En ce qui concerne les performances sectorielles, la faiblesse provient surtout de la fabrication (-3,9 %), les tarifs sectoriels imposés par les États‑Unis ayant particulièrement touché la première transformation des métaux (-11 %) ainsi que la fabrication de meubles et de produits connexes (-8,4 %). Le fait que le Québec soit visé par des tarifs douaniers effectifs plus élevés que la moyenne nationale explique en bonne partie l’écart de croissance du PIB réel en 2025. La construction résidentielle (+2,1 %) a constitué l’un des rares points positifs parmi les industries de biens.
Du côté des services, la plupart des secteurs ont contribué positivement, mais les services professionnels, scientifiques et techniques se sont démarqués par leur faiblesse (+0,1 %), un rythme particulièrement lent pour une période hors récession. Dans un contexte où les effets futurs de l’intelligence artificielle demeurent incertains, ce secteur sera à surveiller.
La consommation finale des ménages a été particulièrement vigoureuse, surtout dans un contexte où la population québécoise aurait reculé d’environ 25 000 personnes au cours du même trimestre et de 10 000 personnes pour l’ensemble de l’année. La consommation de biens durables (-2,7 % annualisé au dernier trimestre) est la seule catégorie à avoir fléchi en 2025 (-1,1 %), un segment largement tributaire de la confiance des consommateurs envers l’économie.

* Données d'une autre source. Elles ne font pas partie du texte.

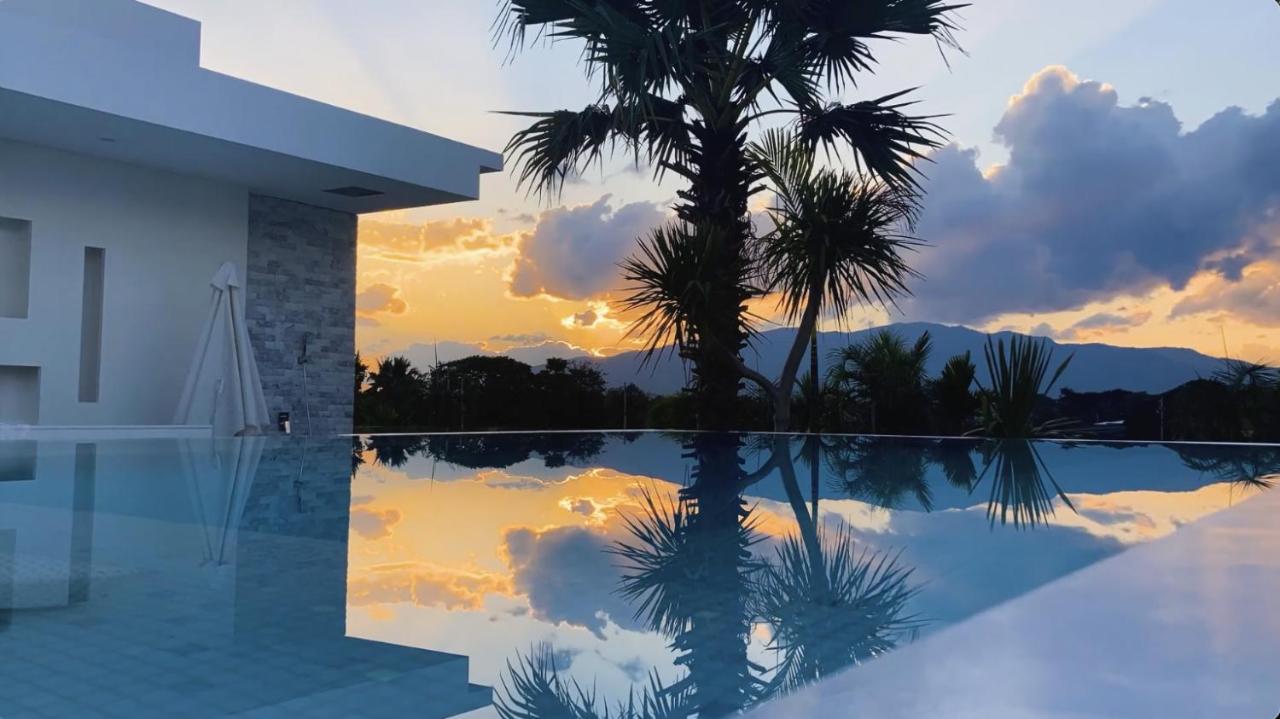 Palm Villa - Award Winning Modern Luxury & Exclusive Villa Resort Chiang Mai Extérieur photo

Les investissements privés ont terminé 2025 sur une note positive. Sur l’ensemble de l’année, les bâtiments résidentiels ont affiché une accélération par rapport à 2024, alors que les autres catégories ont ralenti. Les machines et le matériel ont même enregistré une croissance négative, reflétant cette fois la faible confiance des entrepreneurs, ce qui s’est aussi manifesté par le faible niveau d’embauche au cours de l’année.
Les investissements des administrations publiques ont reculé, en termes réels, pour une deuxième année de suite, un résultat qui contraste avec le maintien d’un niveau élevé d’investissement dans le cadre du Plan québécois des infrastructures.
Du côté de la balance commerciale, il est intéressant de noter que si les exportations interprovinciales ont offert un certain soutien avec une hausse de 0,7 % en 2025, les exportations de biens ont reculé (-2,3 %). Les importations en provenance des autres provinces ont aussi diminué (-1,9 % au total, -5,2 % pour les biens). Alors que le Canada cherche à réduire, voire éliminer, les barrières commerciales internes, cette faiblesse des échanges pancanadiens est somme toute décevante.
Implications
En somme, l’année 2025 se termine sur un bilan contrasté et 2026 ne s’annonce pas de tout repos. Les données récentes confirment un contexte encore fragile, même si nos plus récentes Prévisions économiques et financières Lien externe au site. pointent vers une modeste accélération de l’activité au Québec, avec une croissance attendue de 1,0 % en 2026 (graphique 2). La révision de l’Accord Canada–États‑Unis–Mexique (ACEUM) ainsi que la durée et l’étendue du conflit au Moyen‑Orient demeurent toutefois les principaux risques à surveiller pour les prochains mois.